- WHAT THE EXERCISE ASKS
In the listing below, start your output at the line with "Carpet Seaming Iron" and end it after the line with "Recambio de sistema", copying every line exactly.

- THE INPUT
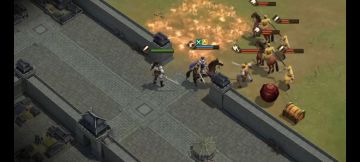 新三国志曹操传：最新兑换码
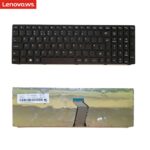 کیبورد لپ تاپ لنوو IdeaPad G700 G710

* * *

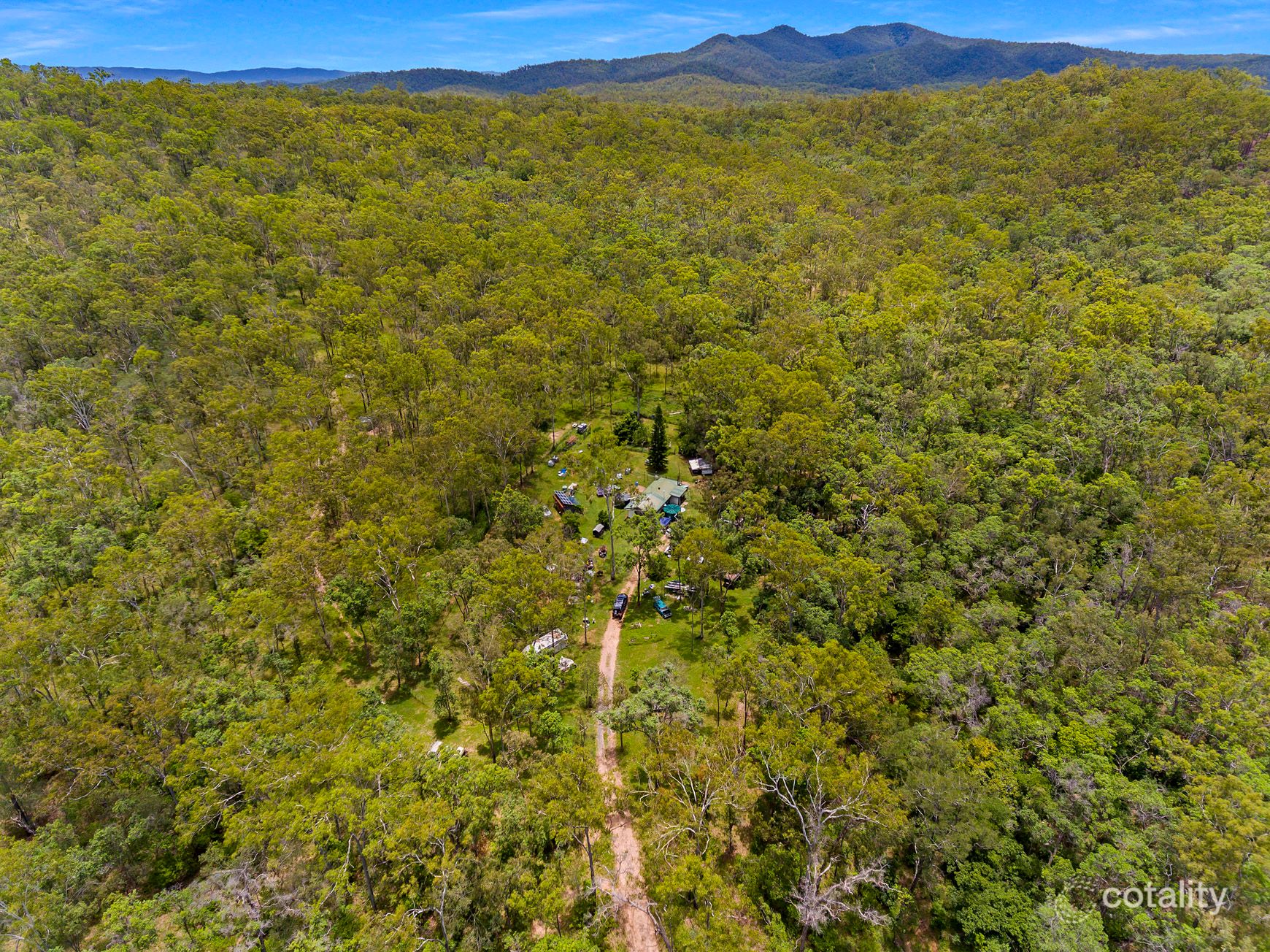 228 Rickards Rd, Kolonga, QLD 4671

...

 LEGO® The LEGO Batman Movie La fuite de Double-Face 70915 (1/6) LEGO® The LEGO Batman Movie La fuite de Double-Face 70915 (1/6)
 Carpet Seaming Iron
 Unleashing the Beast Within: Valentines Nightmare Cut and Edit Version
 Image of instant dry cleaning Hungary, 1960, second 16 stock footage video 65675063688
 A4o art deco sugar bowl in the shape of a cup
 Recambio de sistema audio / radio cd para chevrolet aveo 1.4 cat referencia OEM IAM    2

- WRITTEN ANSWER
 Carpet Seaming Iron
 Unleashing the Beast Within: Valentines Nightmare Cut and Edit Version
 Image of instant dry cleaning Hungary, 1960, second 16 stock footage video 65675063688
 A4o art deco sugar bowl in the shape of a cup
 Recambio de sistema audio / radio cd para chevrolet aveo 1.4 cat referencia OEM IAM    2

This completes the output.